I’ve measured the impact of enabling every new dynamic state in a simple GPU-bound Vulkan program that displays a rotating model on screen and I haven’t noticed any performance impact with the NVIDIA proprietary driver and a GTX 1070 card, but your mileage may vary. As usual, measure before deploying.

VK_EXT_extended_dynamic_state can also help when Vulkan is used as the backend to implement other higher level APIs which are not as rigid as Vulkan itself and in which some drawing parameters can be changed on the fly, being up to the driver to implement those changes as efficiently as possible. We’re talking about OpenGL, or DirectX up to version 11. As you can imagine, it’s an interesting extension for projects like DXVK and it can help improve the state of Linux gaming through Wine and Proton.
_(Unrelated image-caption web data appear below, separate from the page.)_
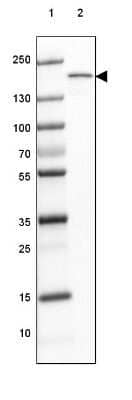 Western Blot: MYOM3 Antibody [NBP1-81961]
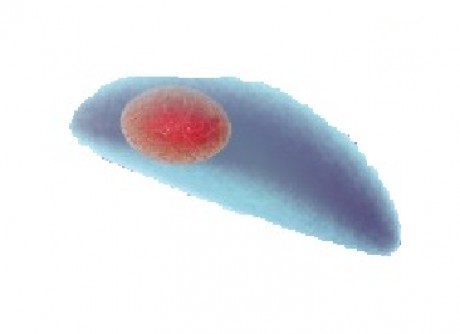 toxoplazma model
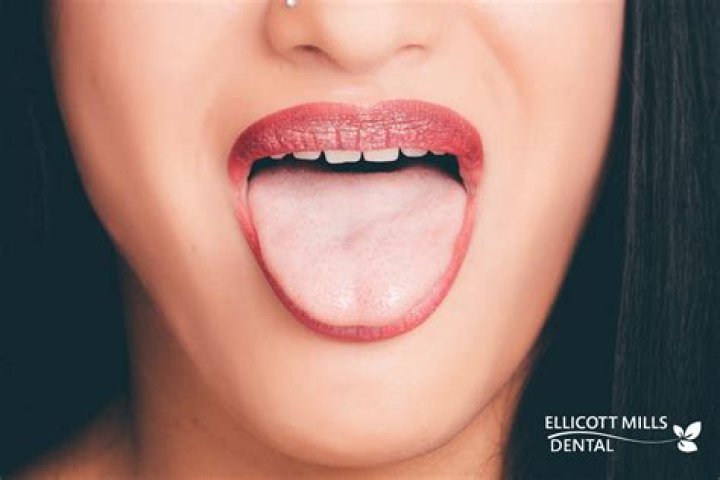 Tongue speaks volumes about hygiene, health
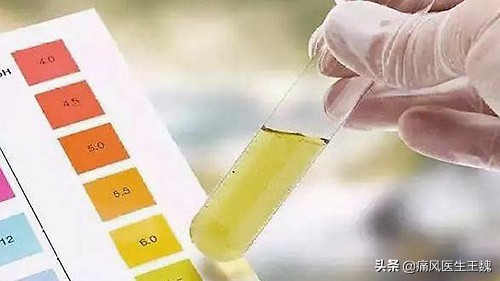 关于尿酸性肾结石的发生与预防,你了解多少?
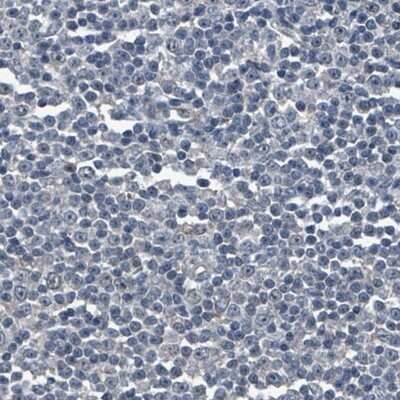 Immunohistochemistry-Paraffin: SOX11 Antibody (CL0142) [NBP2-14782]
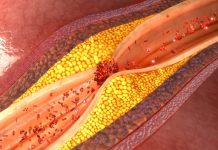 Amgen’s Repatha cholesterol shot slashed heart attack risk by 36%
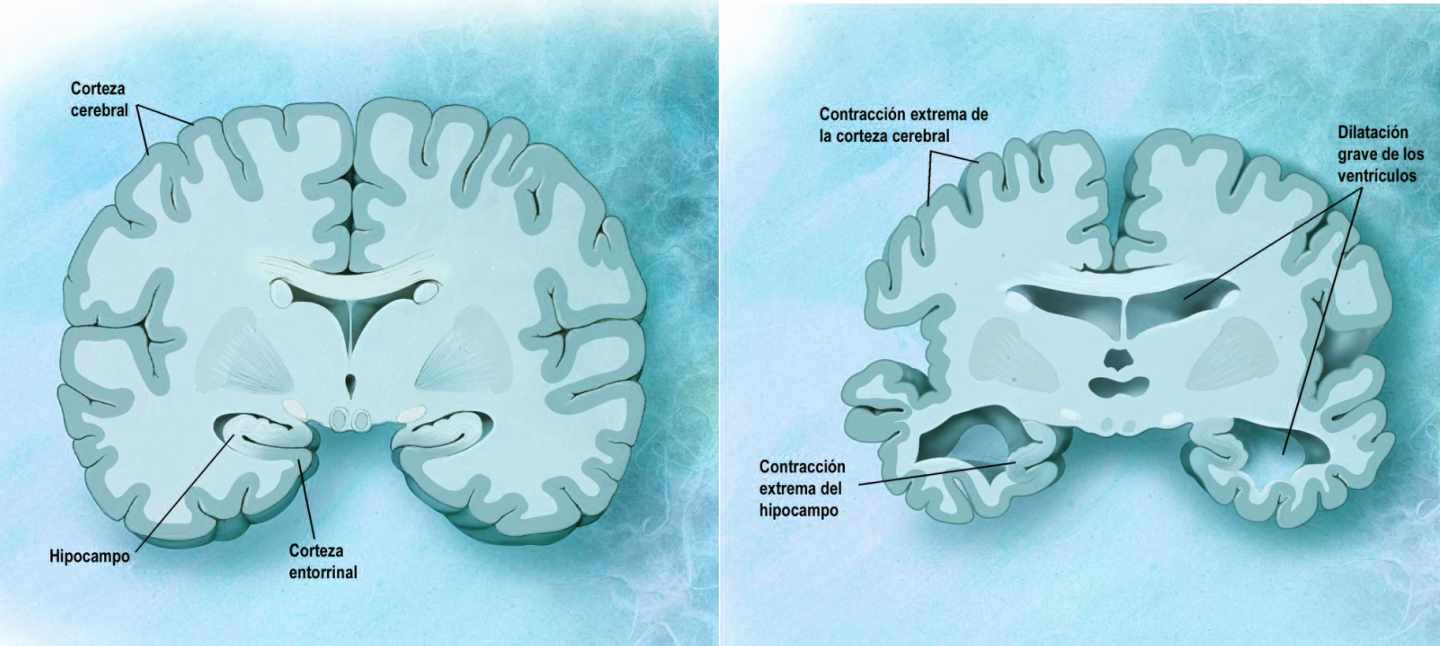 Diferencias de un cerebro sano y con alzhéimer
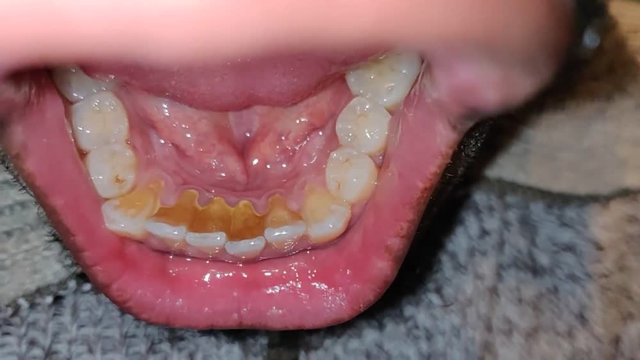 Details of teeth with tartar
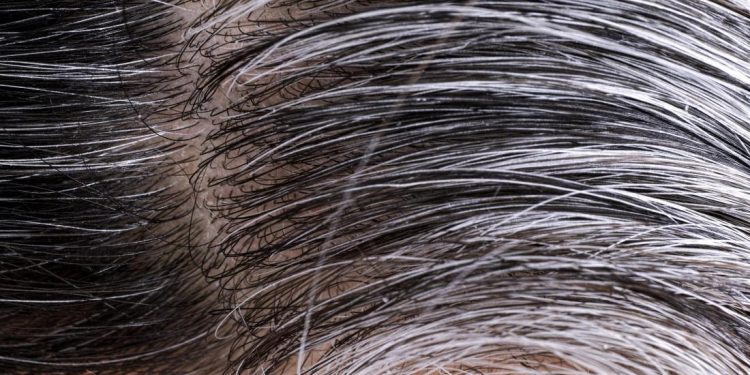 Gray hair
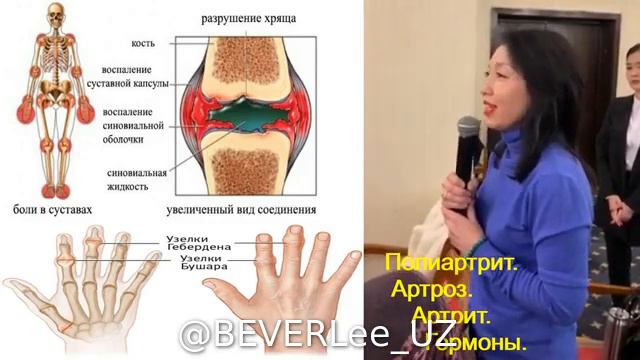 Довольна результатами, благодаря кальций и коэнзим QH смотреть онлайн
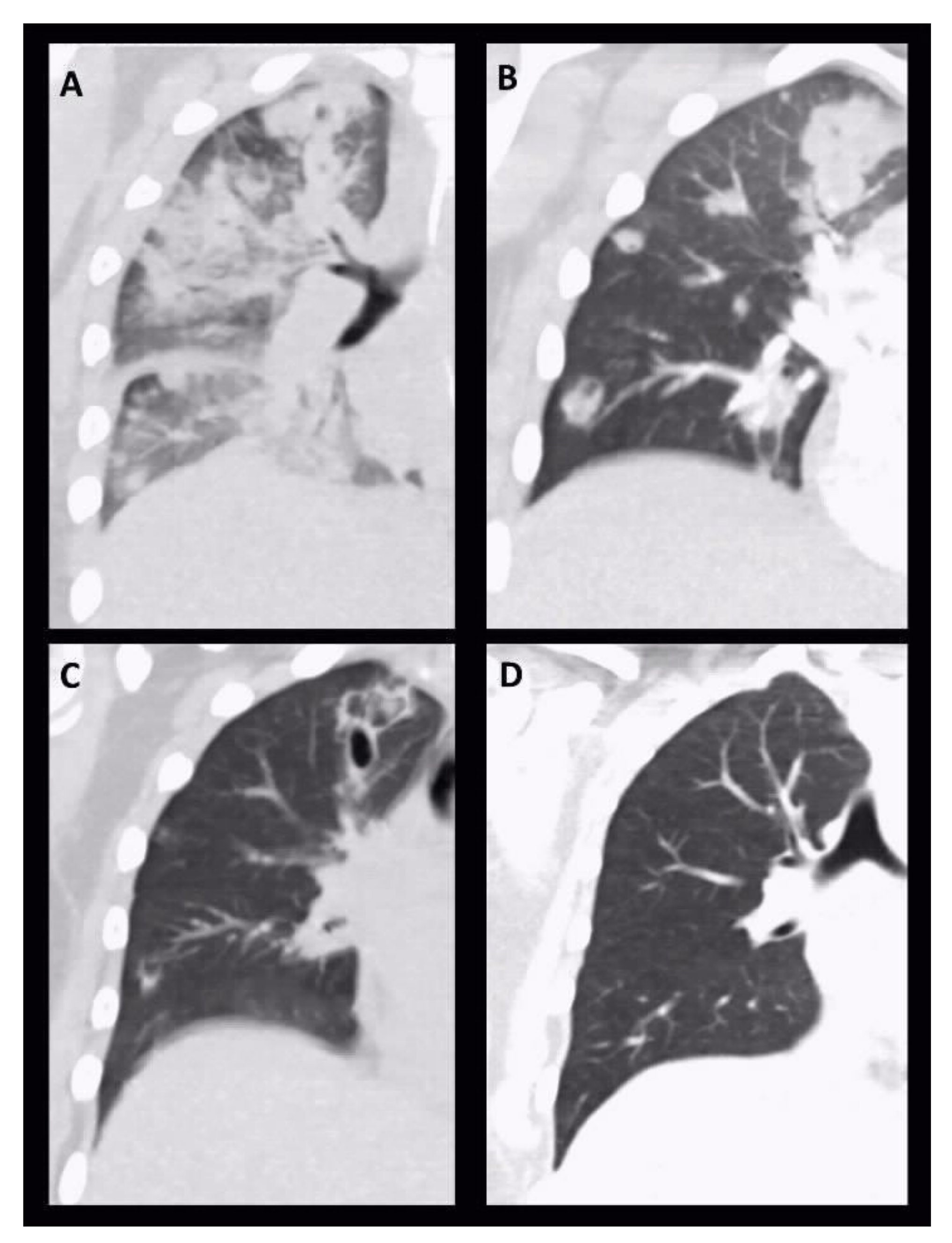 Pathogens 10 00733 g002 Pathogens 10 00733 g002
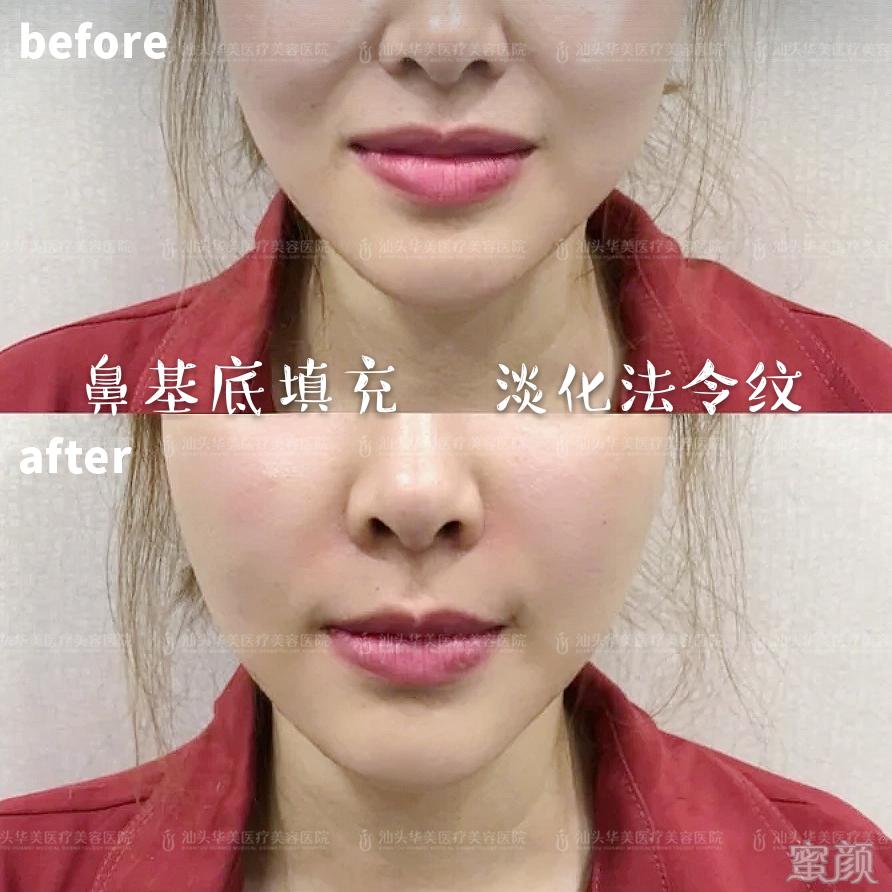 https://img.yiyiaimei.com/mnt/timg/200409/14434342P-3.jpg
Origins of VK_EXT_extended_dynamic_state

The story about how this extension came to be is also interesting. It all started as a reaction to an “angry” tweet by Eric Lengyel in which he lamented that he had to create two separate pipelines just to change the front face or winding order of triangles when rendering a reflection. That prompted Piers Daniell from NVIDIA to start a multivendor effort inside Khronos that resulted in VK_EXT_extended_dynamic_state. As you can read in the extension summary, several companies where involved: AMD, Arm, Broadcom, Google, Imagination, Intel, NVIDIA, and Valve.

For that reason, this extension is also one of the many success stories from the Khronos Group, a forum in which hardware and software vendors, big and small, participate designing and standardizing cross-platform solutions for the graphics industry. Many different points of view are taken into account when designing those solutions. If you look at the member list you’ll see plenty of known logos from hardware manufacturers and software developers, including companies making widely available game engines.

In this case an angry tweet was enough to spark an effort, but that’s not the ideal situation. You can propose specification improvements, extensions or new ideas using the Vulkan Docs repository. An issue could be enough and, for small changes, a pull request can be even better.